Can a Jewish State be less democratic than an Islamic terrorist state run by terrorists who no longer even bother holding elections?

The majority of Israelis support the Jewish State bill. The great democratic voice of the people has already spoken. The only thing standing in its way is the undemocratic obstructionism of career leftists, media hysteria and politicians who are more comfortable denouncing Jews than living among them.

Despite having a Jewish majority, Israel has protected the rights of everyone living there. But there is nothing extraordinary about that. There are plenty of European countries with state churches and monarchs who carry religious titles which nonetheless protect the rights of all without prejudice.

Just because a country has deep roots in the history of a single people and their faith does not mean that it is undemocratic or that it denies civil rights to anyone. The history of Israel is Jewish in the way that the history of England is English and Christian.

There is only one of the big three religions today that engages in widespread religious discrimination. There are no churches allowed in Saudi Arabia (to say nothing of synagogues) because over a thousand years ago Mohammed had commanded the ethnic cleansing of Jews and Christians.

When Muslims want religious freedom, they don’t go to a Muslim country. They go to a non-Muslim one such as America or Israel.

Minority religions descending from Islam such as the Ahmadis and the Baha’i live in peace in Israel. Indeed the Baha’i religion is based in Israel. Meanwhile Sunni and Shiite Muslims are killing each other all over the Middle East to settle an ancient tribal religious dispute.
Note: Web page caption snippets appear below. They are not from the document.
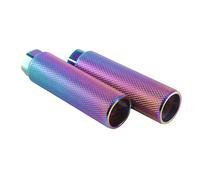 Kznifmk 2 Pcs Aluminum Alloy Foot Stunt Peg for Bike 3/8Inch Axle Footrest-Lever Cylinder Grip Non-Slip Axle Foot Pegs Easy Install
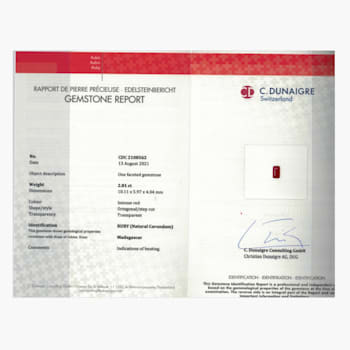 Ruby 10.11x5.97mm Emerald Cut 2.81ct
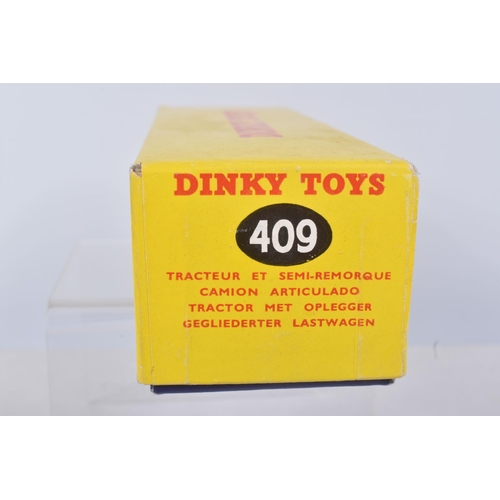 143 - A BOXED DINKY SUPERTOYS BEDFORD PULLMORE CAR TRANSPORTER, No.982, darker blue cab and hubs, lighter ... 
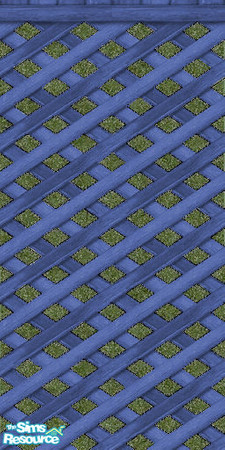 Sims 2 — Blue Lattice by TSR Archive —  This is a recolor of SimThumb's work. Made by Request for Izazu.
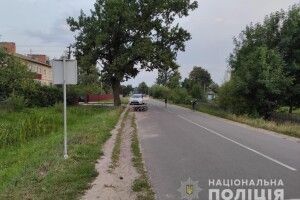У волинському селі мотоцикл збив школярку (Фото) 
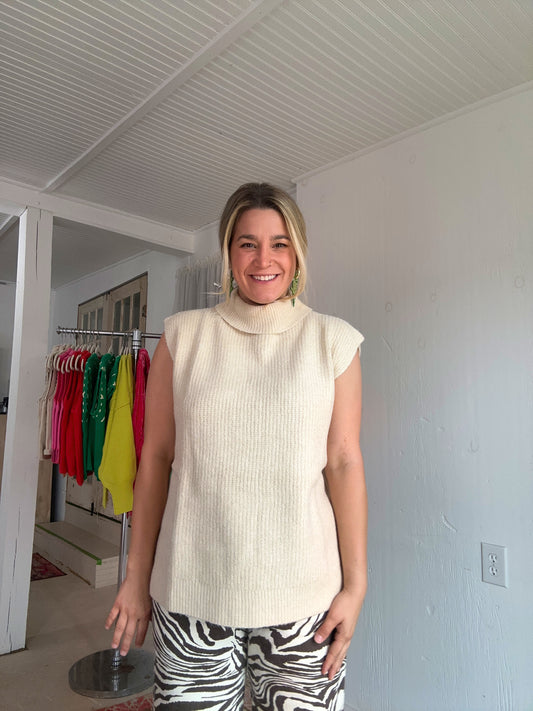 Turtle Neck Sweater Vest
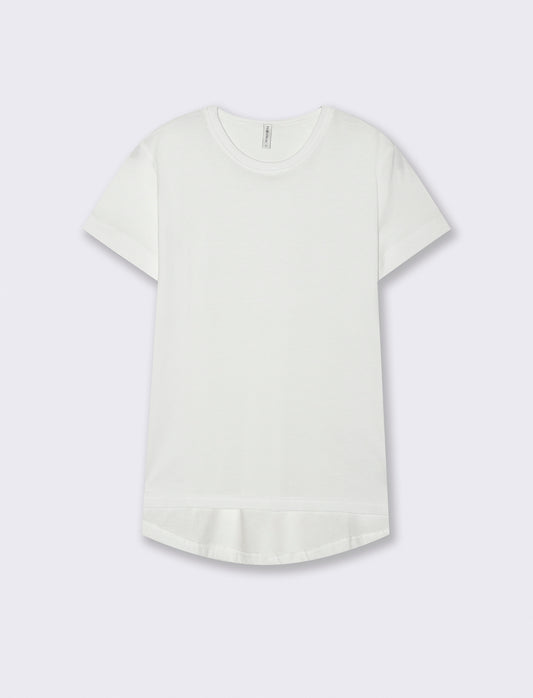 Basic Short Sleeve Crew Neck T-Shirt - White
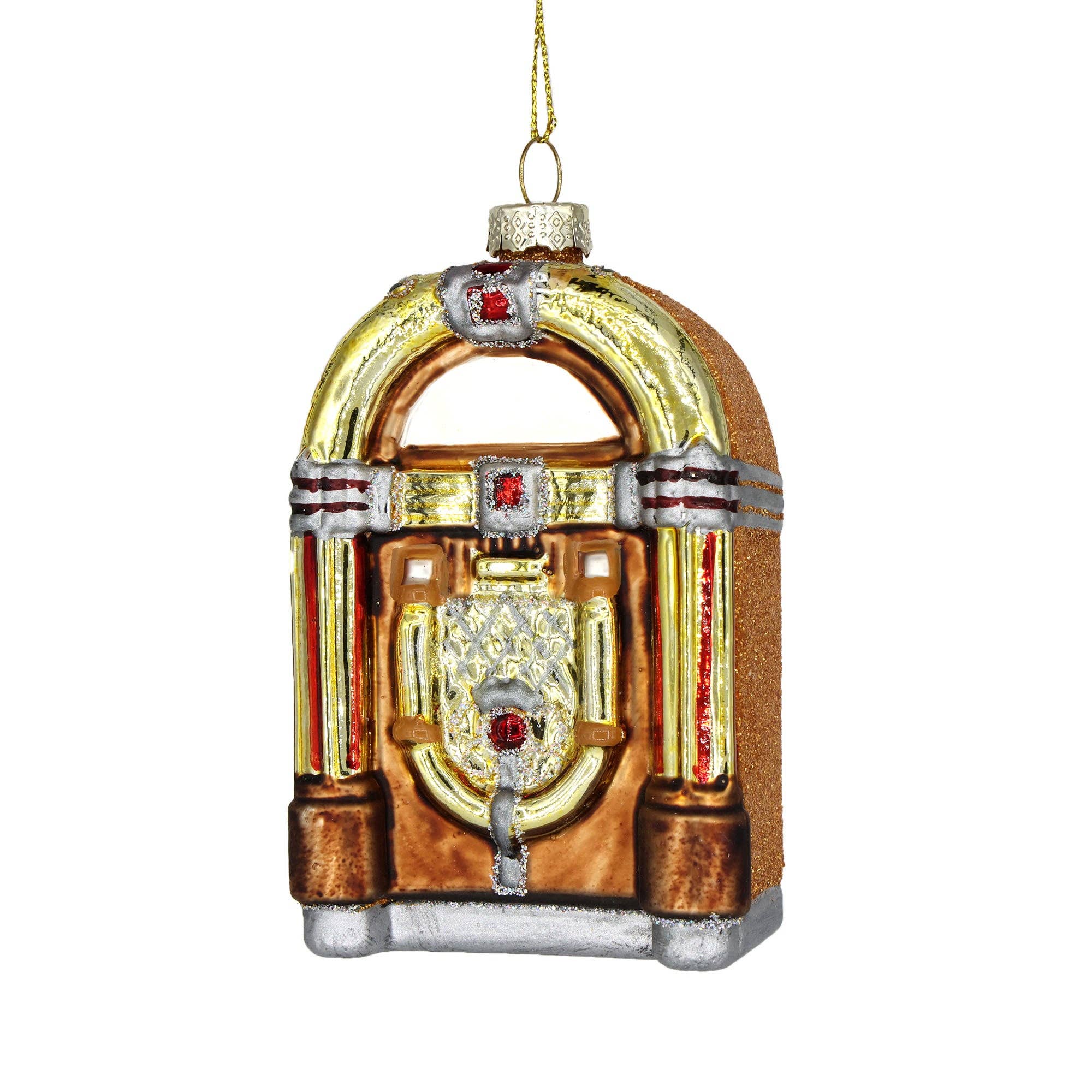 Christmas Ornament Glass Balls Vintage Jukebox 108 Styles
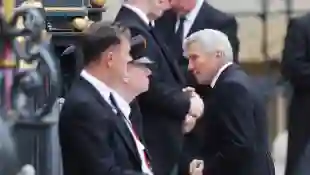 Michael Middleton arrives for the Queen's funeral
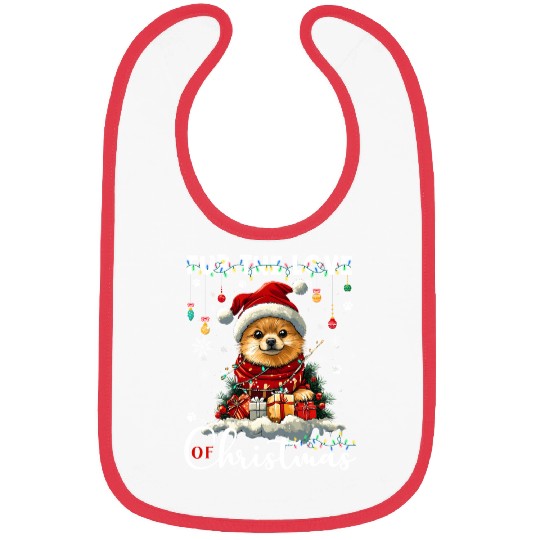 Pomeranian Christmas Tree Decorations Dog Lover Bibs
At a time when the Muslim Middle East is becoming less religiously diverse than ever and when Christians are vanishing from territories under PLO control, Israel continues to be a place where Jews, Christians, Hindus, Buddhists, atheists and a dizzying variety of beliefs and unbeliefs live side by side.
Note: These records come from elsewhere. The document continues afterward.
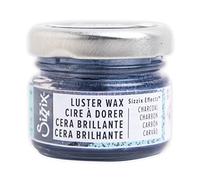 Sizzix Effectz Luster Charcoal 20ml | 666169 | Metallic Wax for Papercraft, Scrapbooking, Cardmaking & More, Grey, One Size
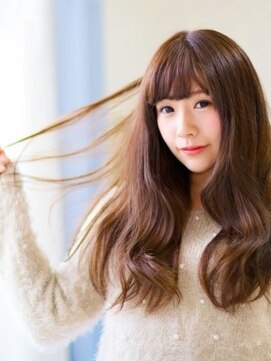 ペイジー 溝の口(Peissy) 重めフリンジバングが可愛い★ウェーブロング＜Ｐｅｉｓｓｙ＞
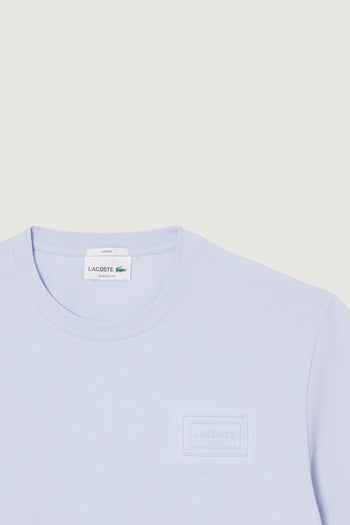 T-shirt in jersey con marchio goffrato - 2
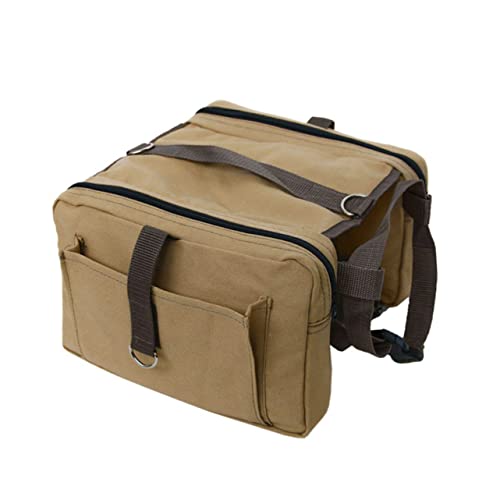 Angoily Sportrucksack Für Hunde Und Welpen – Tragbar Verstellbares Halsband Hunderucksack Satteltasche Für Den Außenbereich Wandern Campingausrüstung von Angoily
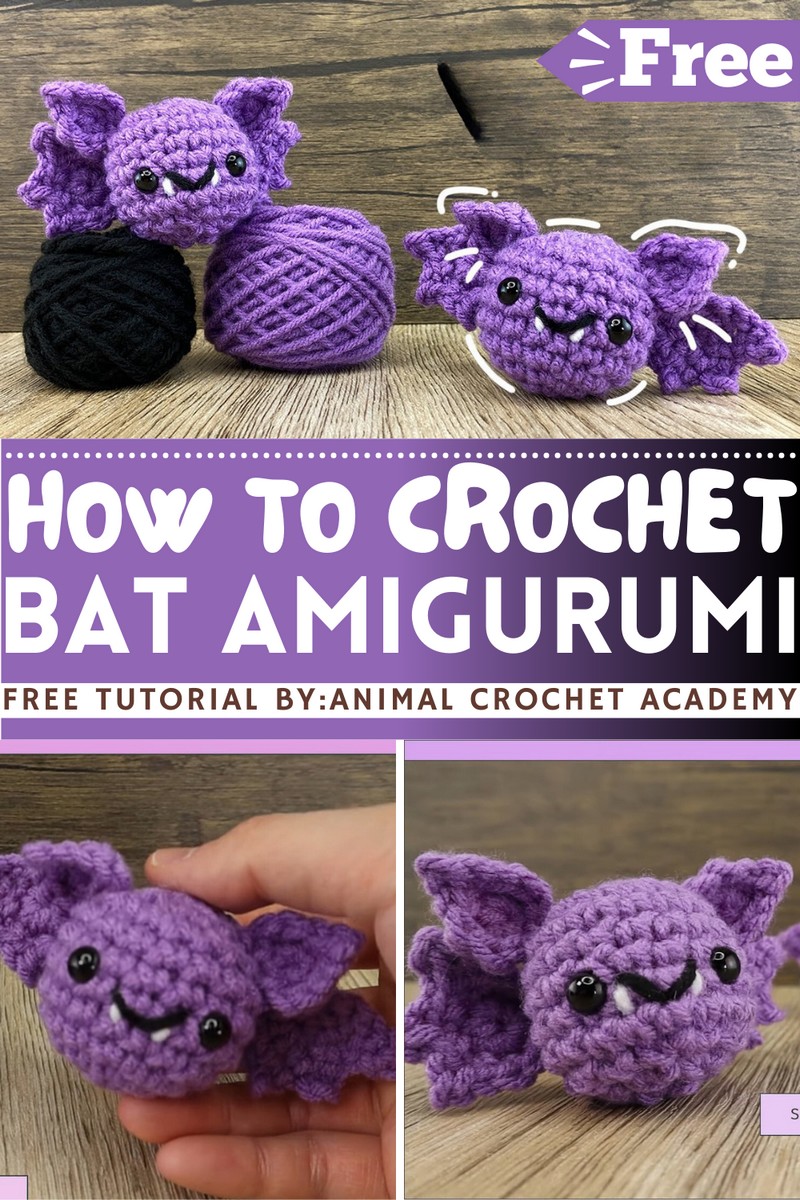 How To Crochet Bat Amigurumi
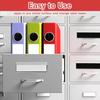 Fainne 50 Pcs 1.25" H Magnetic Shelf Label Holders for Metal Racks and Shelves, 3'' Long Clear Magnetic Shelf Label Strips Gondola Price Tag talled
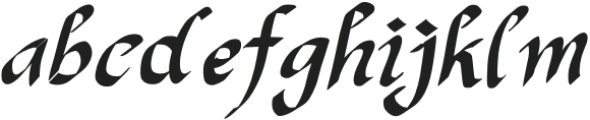 Amelia Santa Regular otf (400) Font LOWERCASE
Israel, like any other country, has things that it can be criticized for, but it’s curious that the same outpouring of outrage doesn’t appear when it comes to the PLO arresting an atheist for criticizing Islam.

The media praises backward Muslim theocracies and their pet Imams who are dispatched to the West to preach hate. It calls the explicitly theocratic Muslim Brotherhood, which spawned numerous terrorist groups including Al Qaeda, “moderate.” It gives the benefit of the doubt to the Islamic terrorist theocracy in Tehran no matter how many times it calls for the destruction of America and Israel.

While Jews and Christians continue to show tolerance to the minorities living in their midst, they are accused of constantly plotting to create totalitarian theocracies. Meanwhile these defenders of religious freedom defend Muslim theocracies and theocrats which they claim are moderate and misunderstood.

Is the problem with the Jewish State that it’s Jewish or is the real problem that it isn’t Muslim?

If Israel were putting forward a bill to call itself a Muslim state, there would be no objections. Just as there were no objections to the constitutions of the Muslim world which declare that those countries are Islamic, just as there are no objections to the PLO which Israel is expected to turn over territory to.

Arguments can be made for objecting to the Jewish State bill. But anyone who objects to it, but doesn’t object to the Islamic political and legal identities of the Palestinian Authority and the Muslim countries of the region, isn’t defending a broad universal principle. He’s pandering to Muslims and attacking Jews.